I was the opening speaker on a panel about the Semantic Web at this conference and unfortunately that was the only bit of the conference I was able to attend other than the exhibits. Online Info is a combined publisher/library conference, with the publishing side being primary. At the conference one of the three tracks was "Exploiting Open and Linked Data." In the exhibits the term "semantic" was everywhere. I would like to attend this conference (because I can't really say that I have) to get a view of linked data from another industry's perspective.

My co-speakers were Sarah Barlett of Talis, and Martin Malmsten from the Swedish National Library. Sarah did something that had never occurred to me, but now I just think "Doh!" it's so obvious. Her talk walked through a literary, rather than bibliographic, view of some library materials. She showed how you could use linked data to support the humanities. It was, as the British say, brilliant. It's also a great way to teach people about linked data, and she advised everyone to come up with something they have a passion for and use it as an exercise in linking. Now I want to come up with some fun linking exercises for teaching purposes.
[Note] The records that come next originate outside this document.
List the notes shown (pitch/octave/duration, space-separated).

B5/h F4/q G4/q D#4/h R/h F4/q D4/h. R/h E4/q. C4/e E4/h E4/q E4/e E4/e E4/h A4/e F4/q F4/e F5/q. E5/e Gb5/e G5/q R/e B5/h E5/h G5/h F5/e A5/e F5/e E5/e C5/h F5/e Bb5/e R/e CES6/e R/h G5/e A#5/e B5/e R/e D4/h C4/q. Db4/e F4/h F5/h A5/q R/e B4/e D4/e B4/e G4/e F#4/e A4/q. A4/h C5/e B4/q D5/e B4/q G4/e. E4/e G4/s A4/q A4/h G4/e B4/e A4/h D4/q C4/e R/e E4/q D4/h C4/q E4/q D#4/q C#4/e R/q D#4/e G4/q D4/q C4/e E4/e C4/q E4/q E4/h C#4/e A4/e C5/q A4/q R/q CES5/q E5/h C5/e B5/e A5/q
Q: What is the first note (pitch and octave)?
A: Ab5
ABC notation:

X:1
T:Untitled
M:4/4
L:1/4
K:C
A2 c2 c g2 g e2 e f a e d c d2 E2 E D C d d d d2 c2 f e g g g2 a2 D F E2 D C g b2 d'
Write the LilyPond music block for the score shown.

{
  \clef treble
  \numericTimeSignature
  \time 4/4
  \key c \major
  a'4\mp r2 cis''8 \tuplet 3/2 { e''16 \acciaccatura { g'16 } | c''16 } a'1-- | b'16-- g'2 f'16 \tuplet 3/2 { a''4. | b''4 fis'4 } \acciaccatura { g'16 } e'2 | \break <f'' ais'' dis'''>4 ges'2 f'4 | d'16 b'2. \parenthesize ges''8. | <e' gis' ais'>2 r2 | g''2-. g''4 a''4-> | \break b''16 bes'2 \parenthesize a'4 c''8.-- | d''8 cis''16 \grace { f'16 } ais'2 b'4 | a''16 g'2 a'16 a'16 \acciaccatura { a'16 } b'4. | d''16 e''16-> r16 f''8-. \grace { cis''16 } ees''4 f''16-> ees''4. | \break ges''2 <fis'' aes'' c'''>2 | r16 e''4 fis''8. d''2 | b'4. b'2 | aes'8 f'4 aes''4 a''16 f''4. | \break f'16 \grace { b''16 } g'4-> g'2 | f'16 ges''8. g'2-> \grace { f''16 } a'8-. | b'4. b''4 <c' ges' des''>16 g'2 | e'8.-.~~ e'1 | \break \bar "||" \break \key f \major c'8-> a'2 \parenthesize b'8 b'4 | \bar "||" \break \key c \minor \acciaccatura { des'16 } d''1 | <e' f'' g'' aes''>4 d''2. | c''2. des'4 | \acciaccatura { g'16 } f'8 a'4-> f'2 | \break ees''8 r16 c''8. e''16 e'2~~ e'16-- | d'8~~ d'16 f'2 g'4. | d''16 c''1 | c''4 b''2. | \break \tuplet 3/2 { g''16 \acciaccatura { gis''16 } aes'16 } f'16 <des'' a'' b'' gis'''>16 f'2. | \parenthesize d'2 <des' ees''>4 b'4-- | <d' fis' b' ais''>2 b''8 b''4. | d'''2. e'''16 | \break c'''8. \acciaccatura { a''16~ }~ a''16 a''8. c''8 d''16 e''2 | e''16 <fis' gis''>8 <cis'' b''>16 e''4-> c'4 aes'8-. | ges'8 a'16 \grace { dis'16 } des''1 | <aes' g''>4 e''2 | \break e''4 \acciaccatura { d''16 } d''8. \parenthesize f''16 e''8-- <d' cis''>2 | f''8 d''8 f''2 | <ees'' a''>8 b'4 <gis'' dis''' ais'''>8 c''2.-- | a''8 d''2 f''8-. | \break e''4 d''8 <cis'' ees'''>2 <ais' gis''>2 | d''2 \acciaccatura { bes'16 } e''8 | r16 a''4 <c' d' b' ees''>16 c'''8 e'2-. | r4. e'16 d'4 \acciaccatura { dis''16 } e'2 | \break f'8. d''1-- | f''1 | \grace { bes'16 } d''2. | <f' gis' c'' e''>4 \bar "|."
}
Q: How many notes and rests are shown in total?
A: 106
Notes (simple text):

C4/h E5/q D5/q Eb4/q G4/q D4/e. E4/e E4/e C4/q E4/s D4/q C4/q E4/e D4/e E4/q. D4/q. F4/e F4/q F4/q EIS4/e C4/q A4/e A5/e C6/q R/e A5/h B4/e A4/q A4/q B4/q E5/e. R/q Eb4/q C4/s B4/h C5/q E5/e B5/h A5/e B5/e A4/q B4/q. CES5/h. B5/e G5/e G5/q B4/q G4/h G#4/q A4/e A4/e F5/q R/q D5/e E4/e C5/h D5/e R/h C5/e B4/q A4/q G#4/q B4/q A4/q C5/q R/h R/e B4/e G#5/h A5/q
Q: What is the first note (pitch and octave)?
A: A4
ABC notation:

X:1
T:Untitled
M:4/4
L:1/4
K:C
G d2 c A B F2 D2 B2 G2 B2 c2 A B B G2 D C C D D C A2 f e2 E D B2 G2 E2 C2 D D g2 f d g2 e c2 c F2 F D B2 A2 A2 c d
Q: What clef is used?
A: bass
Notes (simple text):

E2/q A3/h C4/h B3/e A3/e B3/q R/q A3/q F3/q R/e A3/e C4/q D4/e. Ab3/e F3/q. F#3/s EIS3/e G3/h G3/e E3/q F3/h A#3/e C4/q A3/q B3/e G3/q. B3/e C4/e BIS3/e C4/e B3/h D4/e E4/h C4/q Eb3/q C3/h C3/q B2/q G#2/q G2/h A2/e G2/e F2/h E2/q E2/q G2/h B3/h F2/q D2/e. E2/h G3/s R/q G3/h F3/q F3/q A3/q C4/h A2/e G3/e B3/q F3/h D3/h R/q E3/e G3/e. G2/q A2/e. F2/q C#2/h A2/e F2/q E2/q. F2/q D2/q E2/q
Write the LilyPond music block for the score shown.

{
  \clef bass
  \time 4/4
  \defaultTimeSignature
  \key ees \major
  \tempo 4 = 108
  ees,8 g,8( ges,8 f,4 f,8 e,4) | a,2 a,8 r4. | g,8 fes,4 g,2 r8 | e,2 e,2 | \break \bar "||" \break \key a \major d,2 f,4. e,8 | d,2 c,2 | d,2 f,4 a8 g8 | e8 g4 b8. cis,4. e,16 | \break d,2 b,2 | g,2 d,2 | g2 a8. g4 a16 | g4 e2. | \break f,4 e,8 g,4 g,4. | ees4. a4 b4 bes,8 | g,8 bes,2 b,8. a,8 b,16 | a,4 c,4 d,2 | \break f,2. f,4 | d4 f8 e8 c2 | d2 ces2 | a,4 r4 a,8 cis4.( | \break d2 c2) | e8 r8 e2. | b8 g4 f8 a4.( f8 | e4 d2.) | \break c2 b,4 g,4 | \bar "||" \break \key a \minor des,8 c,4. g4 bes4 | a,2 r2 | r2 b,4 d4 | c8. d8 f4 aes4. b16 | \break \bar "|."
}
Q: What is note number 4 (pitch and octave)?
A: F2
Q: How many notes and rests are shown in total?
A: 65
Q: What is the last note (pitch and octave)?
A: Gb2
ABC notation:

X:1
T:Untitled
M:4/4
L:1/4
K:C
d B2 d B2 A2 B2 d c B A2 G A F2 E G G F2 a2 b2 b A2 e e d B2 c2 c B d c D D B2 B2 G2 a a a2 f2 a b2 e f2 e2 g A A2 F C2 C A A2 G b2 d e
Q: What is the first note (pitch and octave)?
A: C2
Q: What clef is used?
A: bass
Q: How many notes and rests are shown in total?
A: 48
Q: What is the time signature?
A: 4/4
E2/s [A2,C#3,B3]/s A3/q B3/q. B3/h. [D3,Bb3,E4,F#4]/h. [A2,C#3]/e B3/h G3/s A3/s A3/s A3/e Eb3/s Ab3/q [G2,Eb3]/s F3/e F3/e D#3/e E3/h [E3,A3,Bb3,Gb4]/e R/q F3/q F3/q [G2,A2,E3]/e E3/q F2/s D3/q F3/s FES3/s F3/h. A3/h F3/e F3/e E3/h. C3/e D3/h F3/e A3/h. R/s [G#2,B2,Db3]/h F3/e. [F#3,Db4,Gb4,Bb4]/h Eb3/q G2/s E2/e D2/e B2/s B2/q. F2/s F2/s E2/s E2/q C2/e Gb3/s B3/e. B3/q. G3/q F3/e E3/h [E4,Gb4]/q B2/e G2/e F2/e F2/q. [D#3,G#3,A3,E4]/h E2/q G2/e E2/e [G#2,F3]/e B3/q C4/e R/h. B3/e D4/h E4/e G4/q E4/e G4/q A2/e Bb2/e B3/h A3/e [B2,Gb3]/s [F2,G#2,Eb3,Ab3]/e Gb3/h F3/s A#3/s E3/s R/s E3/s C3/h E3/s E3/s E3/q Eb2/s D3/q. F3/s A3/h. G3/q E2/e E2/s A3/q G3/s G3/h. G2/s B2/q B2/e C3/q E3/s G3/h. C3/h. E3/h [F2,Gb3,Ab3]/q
Martin talked about the motivation for making LIBRIS, the Swedish union catalog, open as linked data since 2008. He and I agreed that we really need a good linked data app that would allow people to explore the linked data space. He quoted Corey Harper saying that the killer app for linked data will probably be created by a 13-year-old, someone for whom the idea of open linking is neither novel nor new. I am really interested to see what the "linked open data" generation comes up with!


Jonathan Rochkind said...

Regarding the FRBR "innovations".

The first one seems clearly semantically identical to 'traditional' FRBR.

Since an M always has exactly one E which always has exactly one W -- an M always has exactly one W too. You can always find it by going through the E--- but if you want to put it directly on the M instead, it means the same thing. Except now you've kind of duplicated data, which you need to keep in sync. If that M ever claims to belong to a W that's _different_ than it's E's W, you have invalid contradictory data. So every time you change an E's W, you have to make sure to change all of the corresponding manifestation's W, and every time you change a manifestation's W, you need to not only change the expression's W, but also change the W's of all other M's in that expression -- or split them into different expressions instead.

I'm not sure what you gain by duplicating your data, but if it's convenient, it's not a problem -- so long as you keep everything in sync. It may be that you never WILL change an M or E's W.... but I actually don't think that's a good assumption. In a properly functionality healthy system, I think assignments between M E and W would in fact change _all the time_, as people add more information.

In the second case, this is a bit different than what I thought we were talking about before. Your description now is that they are giving an identifier to the set (or 'triple', if you like) particular single M, single E, and single W. (or four-ple if you include a single I too). What I thought we were talking about before is giving an identifier to the set of a W, ALL of it's E's, ALL of those E's M's. (A set with different size depending on the W).

In the former case, of giving an identifier to a particular triple of one W,E,M -- this identifies exactly the same thing as the M. Because an M neccesarily has one E which neccesarily has one W. So pointing to the M is semantically the same as pointing to the M->E->W. I'm not sure what you gain by making a new identifier for the triple, instead of just using an identifier for the M? And the downside is, if an M _changes_ it's E assignment -- what exactly does that triple identifier mean now? It's like a historical snapshot of that M _if_ it belonged to the E and W it no longer does?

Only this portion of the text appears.